The 2012 Air met my professional needs just fine—better than my 2010 Pro in fact. I think that article made it pretty clear exactly what happened: the Airs were super popular and a profit-driven corporation (crazy thought, I know) went where the money appeared to be.
Apple is a company that—and Steve Jobs was a guy who—would play up whatever is usable about their current product offering. As the article points out rather clearly, prior to the Unibody Pros, upgradability wasn't something Apple necessarily handled all that well. As the owner of a 12" Aluminum PowerBook, I can attest to this fact. They were horrible to repair. The pre-retina Unibody machines were great to work on but they were anything but par for the course in Apple's mobile lineup.
The market has moved on. If there is one thing I trust Apple to do it's go where the money is, period. That's where they're going to go. People who upgrade and repair are a small demographic. The industry is moving to more and more integrated devices. Apple is not alone in this. And historically, design and vision—for better and for worse—trump practicality at times. The Unibody machines happened to be a time where design and vision aligned nicely with easy to fix portables.
Anyway, you've parroted this quote enough times that I'm not gonna bother replying again.
As already stated not everyone has deep pockets so they go for the entry level SSD with a view to updrade the SSD when funds improve and need for more storage increases.
And as I have stated on multiple occasions, I don't care. The number of people replacing the internal SSDs on their machines is small enough. Cross that with penny-pinchers buying Apple hardware and you have a group almost as small as the remote researchers that are bummed about this. Apple does not care because this is a monetarily irrelevant group of people. They haven't tried to actively appeal to this crowd basically ever. Their answer to the netbook craze was a $999 laptop.

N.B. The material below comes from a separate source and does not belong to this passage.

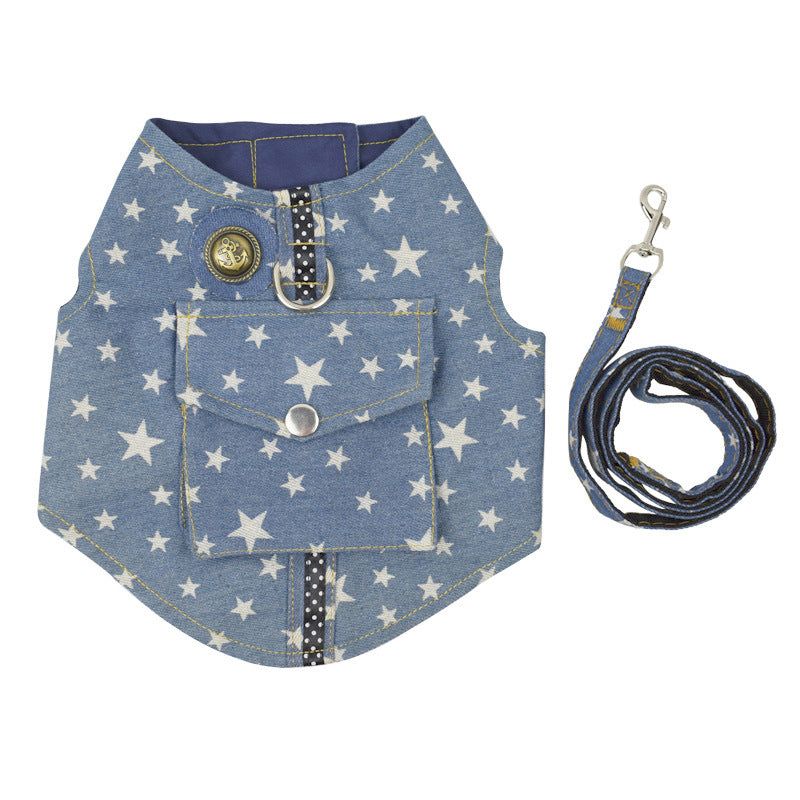 Denim Dog Vest Harness and Leash Set with Stars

Not everyone has deep pockets, I get it. Don't buy tools you can't afford. Don't buy tools that don't meet your needs. I really don't understand this argument at all. BMW doesn't make a budget compact nor do they want to.
On the flip side, unlike my PCs, my Macs hold their value WAY better when I sell off my old machines offsetting a lot of the pain of upgrades anyway.

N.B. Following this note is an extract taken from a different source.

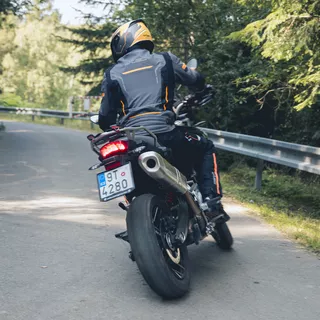 Pánska moto bunda W-TEC Brandon - čierno-šedo-oranžová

I think you'll will find the SSD sales esp. Samsung on amazon is extremely active as have spinning hard drive replacements in years gone by.
Folks like this easy upgrade and expect it on a "Pro" machine.
A lot of people are in for a shock in the future.
So what? If Apple cared about this they'd go for it. They don't. They don't care about gamers. They don't sell a consumer-grade user serviceable desktop. There are huge untapped markets they do not care about.
You want "Pro" to mean "user-serviceable" and "upgradable." It doesn't. It hasn't in the Apple world since the shift to rMBP and the trash can Pro. If there was a huge backlash among the user base, and not just a vocal minority, it would show in their sales figures and they would adjust. Given that they opted for lighter/thinner/more integrated after testing the waters in the "Pro" market for four years with this design, it's pretty clear they have some idea of what the vast majority of their user base is interested in.
Do I necessarily agree with this or like it? Doesn't matter. I was happy with my Air, rMBP, and TB MBP. When I need more machine, I buy new and sell old and moving old Mac hardware at a decent price is really, really easy to do.
Folks like this easy upgrade and expect it on a "Pro" machine.
A lot of people are in for a shock in the future.
Apparently not enough of them.
Still no word on a possitive reason to solder the SSD except it wont dislodge if machine dropped! and the ridiculous 'thinness' argument
Why is everyone so silent over this?
I don't know why they solder it to the board. I also don't actually care. I haven't upgraded the internals of any of my machines since they came standard with SSDs.
The fact that they chose to do so in one model but not the other implies there was some kind of technical reason. The fact that they went to the trouble of building a special device for data extraction implies there was a technical reason.
I think the people upgrading their own Macs have a really inflated idea of their numbers. Not only are they small enough that Apple doesn't bother appealing directly to them, but they're also small enough that Apple wouldn't have an interest in sabotaging them at the cost of increasing the expense and difficulty of their own repair shops.